Le CPI américain a augmenté de 4,2 % en glissement annuel en mai, atteignant un nouveau plus haut depuis avril 2023. Pourtant, la réaction du marché a été à contre-courant du bon sens : les traders n’ont pas du tout parié sur un resserrement monétaire, au contraire, ils ont massivement retiré leurs paris sur une hausse des taux, faisant chuter la probabilité d’une hausse de plusieurs dizaines de points vers des chiffres à un seul chiffre. La logique centrale derrière ce phénomène tient au fait que l’attention du marché s’est déplacée des données en glissement annuel vers les données en variation mensuelle (taux MoM) et l’analyse structurelle.

I. Changements structurels dans la structure des données de l’IPC

1. Ralentissement marqué de la croissance en variation mensuelle : l’IPC (après ajustement saisonnier) en mai n’a progressé que de 0,1 % en variation mensuelle, bien en deçà de 0,4 % le mois précédent et de l’attente du marché de 0,3 %. L’IPC « core » en variation mensuelle s’est lui aussi établi à 0,1 %, nettement sous l’estimation de 0,2 %. Cela indique que la pression inflationniste à court terme est en train de s’atténuer.

2. Ralentissement de l’inflation du logement : la composante logement (y compris les loyers et les loyers équivalents des propriétaires) représente environ 35 % du poids de l’IPC, et constitue la principale raison de l’inflation restée élevée au cours des deux dernières années.
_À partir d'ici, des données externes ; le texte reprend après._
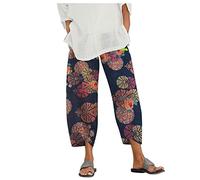SIGOYI Plus Size Linen Trousers for Women Loose Cropped Pants High Waisted Floral Print Baggy Harem Trousers Summer S-5XL A-Black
Cependant, en mai, la hausse de cette composante a été la plus faible sur une base mensuelle depuis 2022, montrant que cette « forteresse tenace » de l’inflation du logement commence à se fissurer.

II. Tournant fondamental de la logique de marché

1. Signal de ralentissement de l’économie : en 2026, le taux de chômage aux États-Unis atteint 4,4 % et la croissance des salaires horaires ralentit à 3,5 %. Le refroidissement de l’inflation de base confirme davantage la tendance au ralentissement de l’économie.

2. De la lutte contre l’inflation à la prévention du ralentissement : le marché se rend compte que le principal risque actuel n’est pas une perte de contrôle des prix, mais un ralentissement économique. Les traders réduisent leurs paris sur de nouvelles hausses de taux : en réalité, ils parient sur une anticipation de la récession, faisant le pari que la Fed n’osera pas continuer à relever les taux, voire qu’elle se tournera vers des baisses de taux.

Avertissement sur les risques

L’IPC n’est qu’un indicateur avancé ; la Fed accorde davantage d’attention à l’indice de prix PCE de base, qui pourrait, en raison des différences de méthodologie, afficher un décalage. Il n’est pas exclu que, dans le futur, les données présentent des à-coups, entraînant une volatilité de l’humeur du marché. Mais, globalement, la logique macroéconomique est passée de la lutte contre l’inflation à la prévention du ralentissement économique, et la trajectoire de politique de la Fed pourrait connaître un brusque changement au second semestre.